**WHAT IS BEING ASKED**.
Drop every image and restate the entries below word for word.

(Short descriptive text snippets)
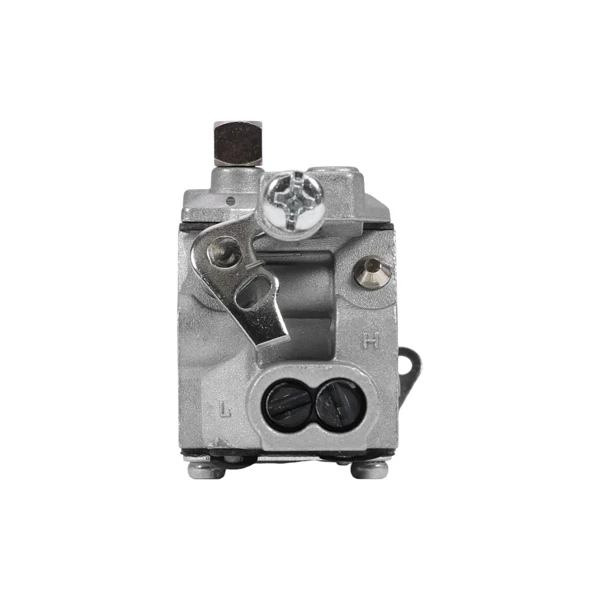 Gaźnik do pił łańcuchowych Echo CS440 CS4400 (OEM 12300039330)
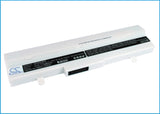 Asus Eee PC 1005HA, Eee PC 1005HA-BLK140X, Eee PC 1005HA-EU1X-BK, Eee PC 1005HA-EU1X, Eee PC 1005HA-VU1X-WT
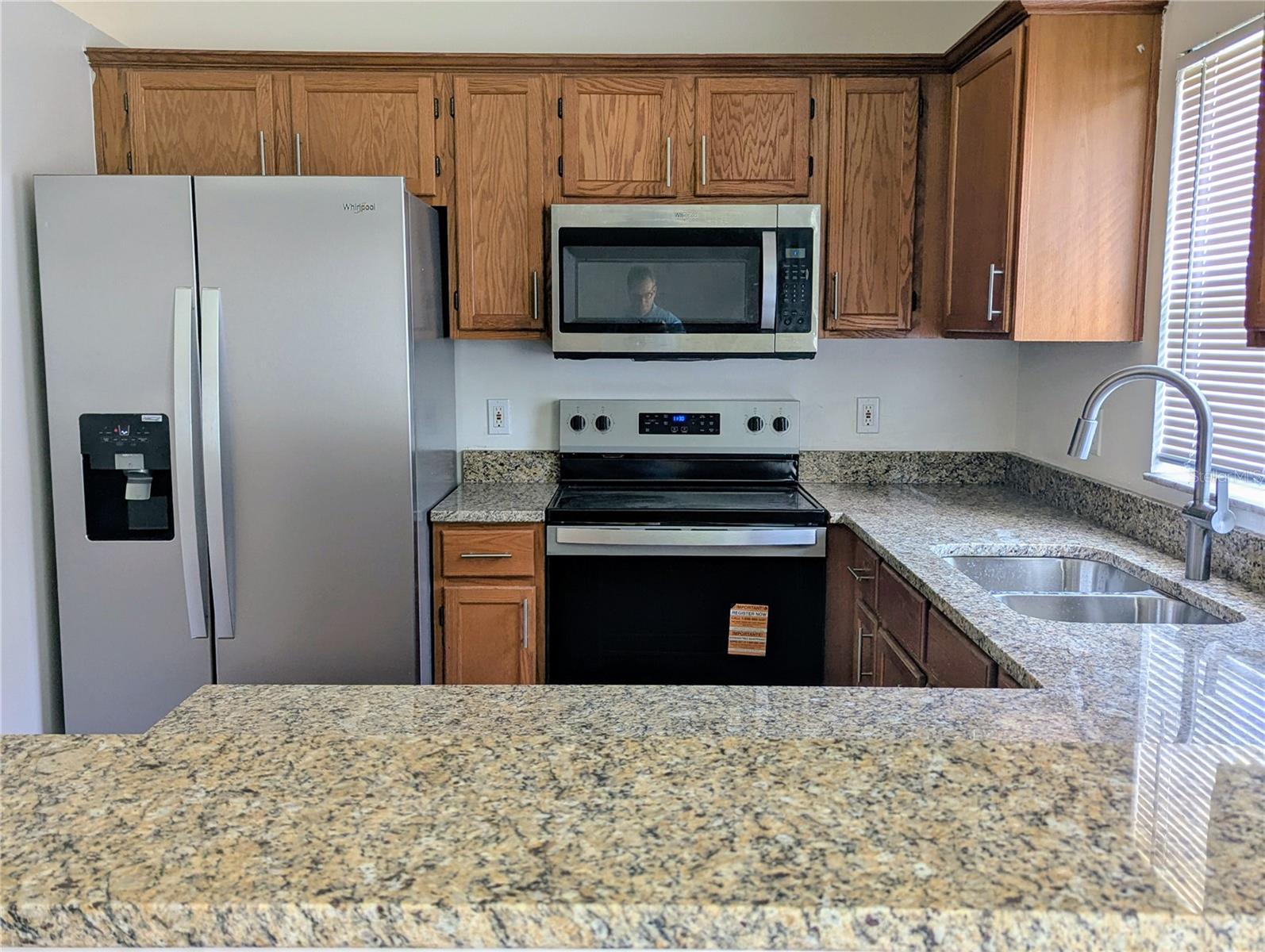 HUNTERS CREEK TR 430A PH 01 - Residential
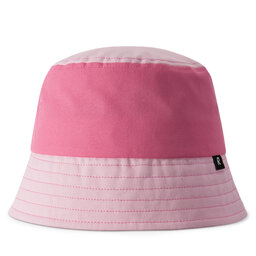 Reima Hut Reima Siimaa 5300153B Rosa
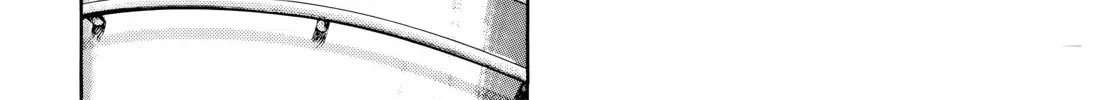 20 Seiki Shounen (Perfect Edition) Chapter 8 page 154 - 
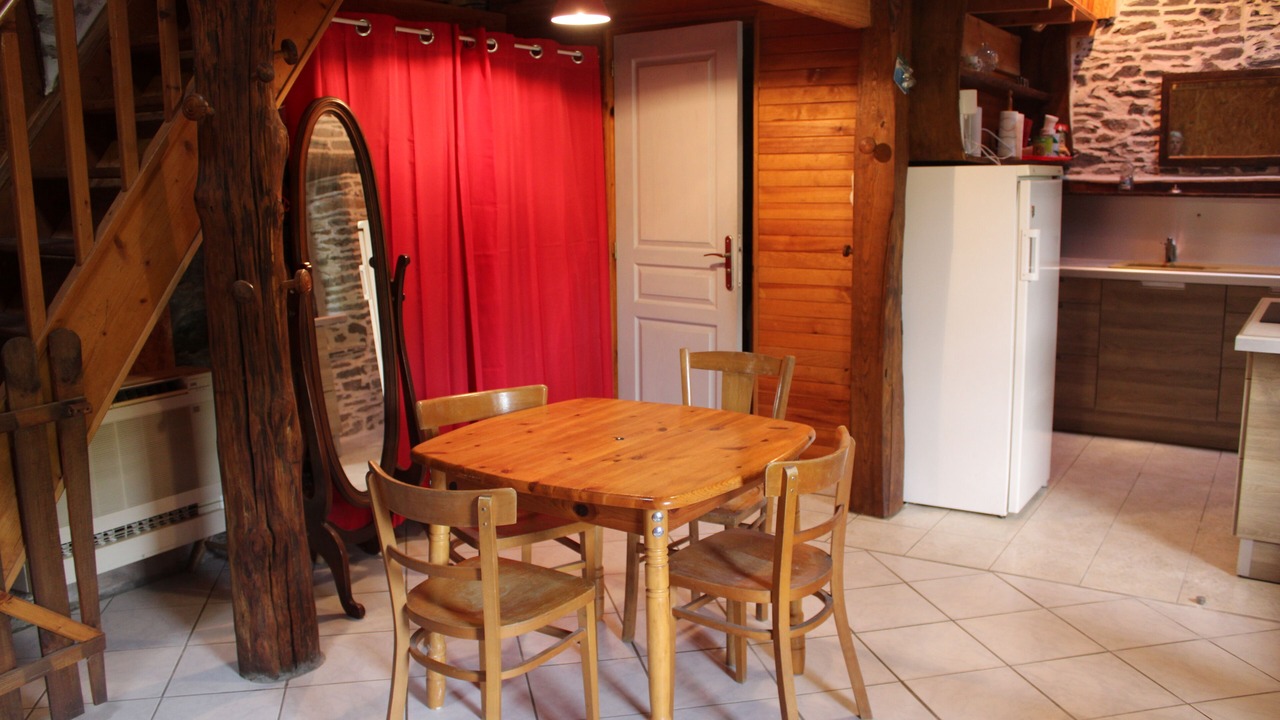 Photo of Others in Bellegarde-Marsal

**EXERCISE SOLUTION**.
 Gaźnik do pił łańcuchowych Echo CS440 CS4400 (OEM 12300039330)
 Asus Eee PC 1005HA, Eee PC 1005HA-BLK140X, Eee PC 1005HA-EU1X-BK, Eee PC 1005HA-EU1X, Eee PC 1005HA-VU1X-WT
 HUNTERS CREEK TR 430A PH 01 - Residential
 Reima Hut Reima Siimaa 5300153B Rosa
 20 Seiki Shounen (Perfect Edition) Chapter 8 page 154 - 
 Photo of Others in Bellegarde-Marsal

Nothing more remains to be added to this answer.